Only one bank was listed, and banks make great proxies."
The new shares offered an important play into Mexico's
financial space, becoming only the second large bank to be
publicly traded. In addition to the FIG sector's proxy for the
consumer demand growth play, Mexico's banking sector is
famously underpenetrated in the country's population. The lack
of clear comparables, however, presented something of a
challenge, says Facundo Vazquez, head of LatAm ECM at Bank of
America Merrill Lynch.
The shares were offered at a discount to the bank's slightly
smaller rival Banorte, at around 10-11 times 2013
price/earnings compared with Banorte's 12 times. The deal
valued the bank at more than $17 billion.
The shares have remained above offer price, and were up 21%
at 37.98 pesos as of December 1. This came versus a 2.4%
improvement in the Mexican index during that time.

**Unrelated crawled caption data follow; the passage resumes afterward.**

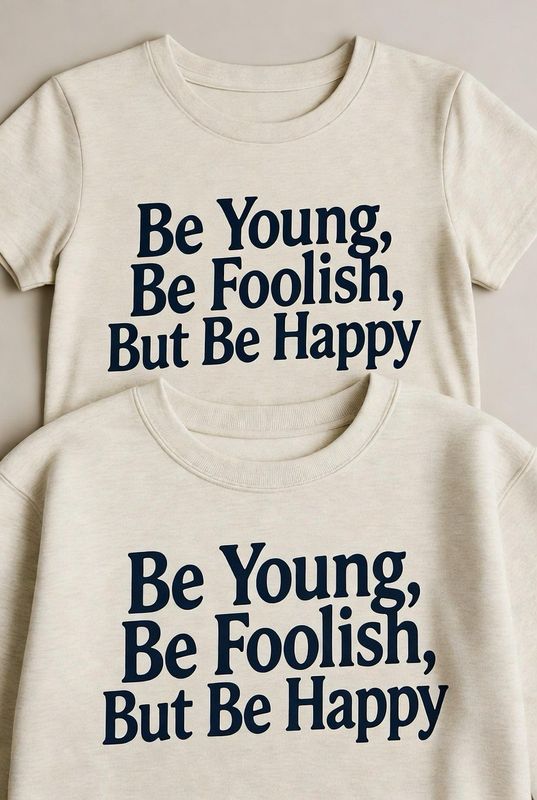 BE YOUNG,BE FOOLISH, BUT BE HAPPY ORGANIC COTTON Sweatshirt BE YOUNG,BE FOOLISH, BUT BE HAPPY ORGANIC COTTON Sweatshirt
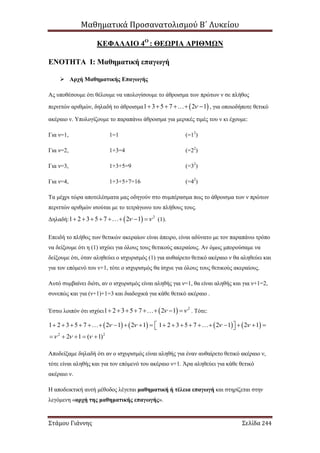 Μαθηματικά Προσανατολισμού Β΄ Λυκείου
Στάμου Γιάννης Σελίδα 244
ΚΕΦΑΛΑΙΟ 4Ο
: ΘΕΩΡΙΑ ΑΡΙΘΜΩΝ
ΕΝΟΤΗΤΑ Ι: Μαθηματική επαγωγή
 Αρχή Μαθηματικής Επαγωγής
Ας υποθέσουμε ότι θέλουμε να υπολογίσουμε το άθροισμα των πρώτων ν σε πλήθος
περιττών αριθμών, δηλαδή το άθροισμα  1 3 5 7 2 1     , για οποιοδήποτε θετικό
ακέραιο ν. Υπολογίζουμε το παραπάνω άθροισμα για μερικές τιμές του ν κι έχουμε:
Για ν=1, 1=1 (=12
)
Για ν=2, 1+3=4 (=22
)
Για ν=3, 1+3+5=9 (=32
)
Για ν=4, 1+3+5+7=16 (=42
)
Τα μέχρι τώρα αποτελέσματα μας οδηγούν στο συμπέρασμα πως το άθροισμα των ν πρώτων
περιττών αριθμών ισούται με το τετράγωνο του πλήθους τους.
Δηλαδή:   2
1 2 3 5 7 2 1        (1).
Επειδή το πλήθος των θετικών ακεραίων είναι άπειρο, είναι αδύνατο με τον παραπάνω τρόπο
να δείξουμε ότι η (1) ισχύει για όλους τους θετικούς ακεραίους. Αν όμως μπορούσαμε να
δείξουμε ότι, όταν αληθεύει ο ισχυρισμός (1) για αυθαίρετο θετικό ακέραιο ν θα αληθεύει και
για τον επόμενό του ν+1, τότε ο ισχυρισμός θα ίσχυε για όλους τους θετικούς ακεραίους.
Αυτό συμβαίνει διότι, αν ο ισχυρισμός είναι αληθής για ν=1, θα είναι αληθής και για ν+1=2,
συνεπώς και για (ν+1)+1=3 και διαδοχικά για κάθε θετικό ακέραιο .
Έστω λοιπόν ότι ισχύει   2
1 2 3 5 7 2 1        . Τότε:
       
2 2
1 2 3 5 7 2 1 2 1 1 2 3 5 7 2 1 2 1
2 1 ( 1)
   
  
                  
    
 
Αποδείξαμε δηλαδή ότι αν ο ισχυρισμός είναι αληθής για έναν αυθαίρετο θετικό ακέραιο ν,
τότε είναι αληθής και για τον επόμενό του ακέραιο ν+1. Άρα αληθεύει για κάθε θετικό
ακέραιο ν.
Η αποδεικτική αυτή μέθοδος λέγεται μαθηματική ή τέλεια επαγωγή και στηρίζεται στην
λεγόμενη «αρχή της μαθηματικής επαγωγής».
 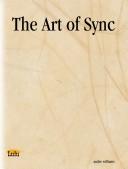 Cover of: The Art of Sync | andre williams
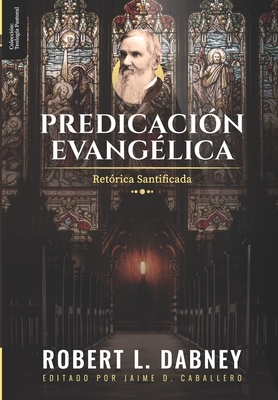 Predicacion Evangelica: Retorica Santificada Cover Image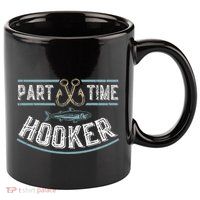 Part Time Hooker Fishing 11oz C Handle Ceramic Mug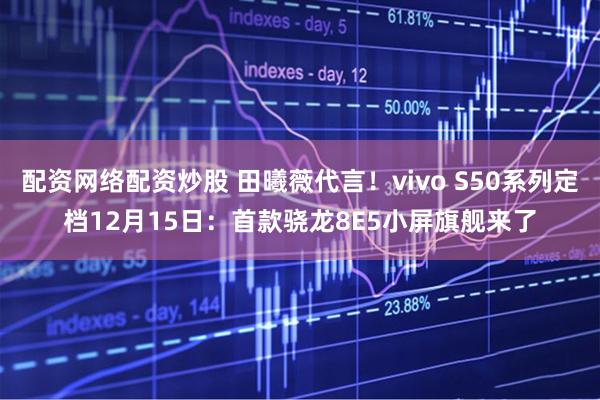 配资网络配资炒股 田曦薇代言！vivo S50系列定档12月15日：首款骁龙8E5小屏旗舰来了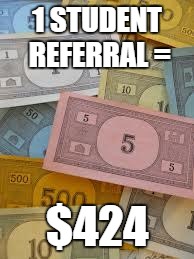 Monopoly Money | 1 STUDENT REFERRAL =; $424 | image tagged in monopoly money | made w/ Imgflip meme maker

Santander now plans to IPO its other major subsidiaries
around the globe, with Argentina's Santander Río likely
up next in LatAm - assuming the political climate in the
country allows for it.
In an unusual year where ex-Brazil issuance was greater than
Brazilian issuance, bankers, investors and others are hopeful
the shift towards greater non-Brazilian deals is permanent.

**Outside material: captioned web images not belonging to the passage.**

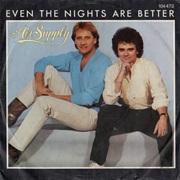 Even the Nights Are Better - Air Supply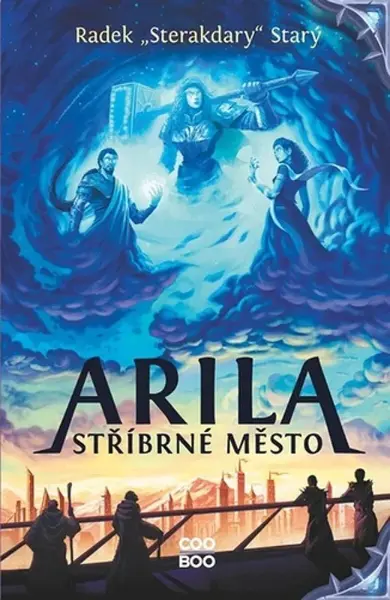 Arila: Stříbrné město (poškozená) - Radek Starý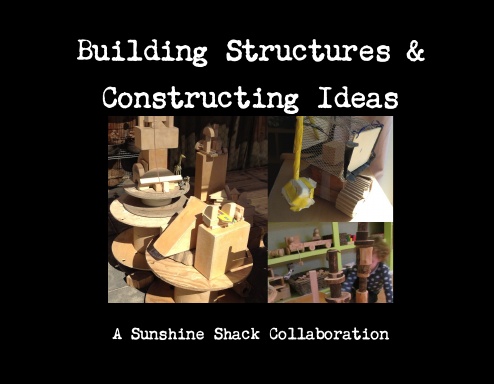 Building Structures & Constructing Ideas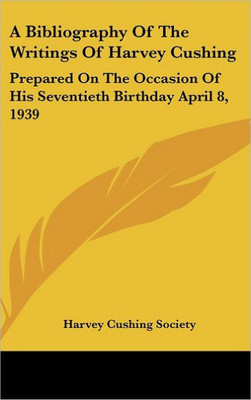A Bibliography of the Writings of Harvey Cushing: Prepared on the Occasion of His Seventieth Birthday April 8, 1939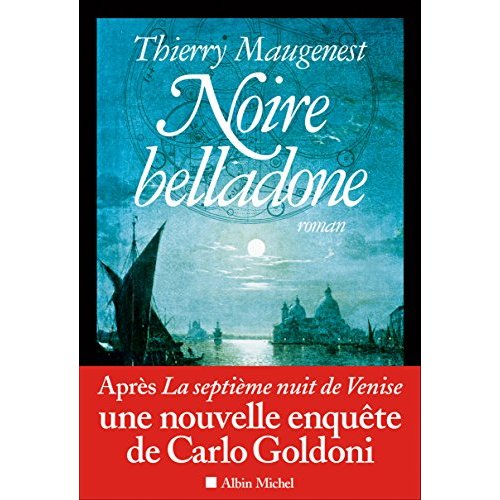 NOIRE BELLADONE - LES ENQUETES DE GOLDONI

Brazil's large investment banks are beefing up their operations
outside of Brazil in anticipation - even in Mexico, as
Itaú's participation in the transaction
Even if the percentage of new ECM issuance in the region
tips back in Brazil's favor in 2013 - and bankers say it could
easily do so if the right names come at intelligent price
levels - all signs point to a continued increase in volume from
outside of Brazil.
While Santander Mexico undoubtedly is the most significant
ex-Brazil deal in years and has created a tangible market
opening, the permanent effects in Mexico's new issue market are
far from clear. Liquidity, and the large volume the in the
index of stocks of businesses controlled by industrialist
Carlos Slim, remains an issue.
Moreover, the country's small and mid-size corporate owners
are still more reluctant than the regional average to open
their companies up to a public listing. The job ahead is
difficult, but Mexico could not have asked for a better start.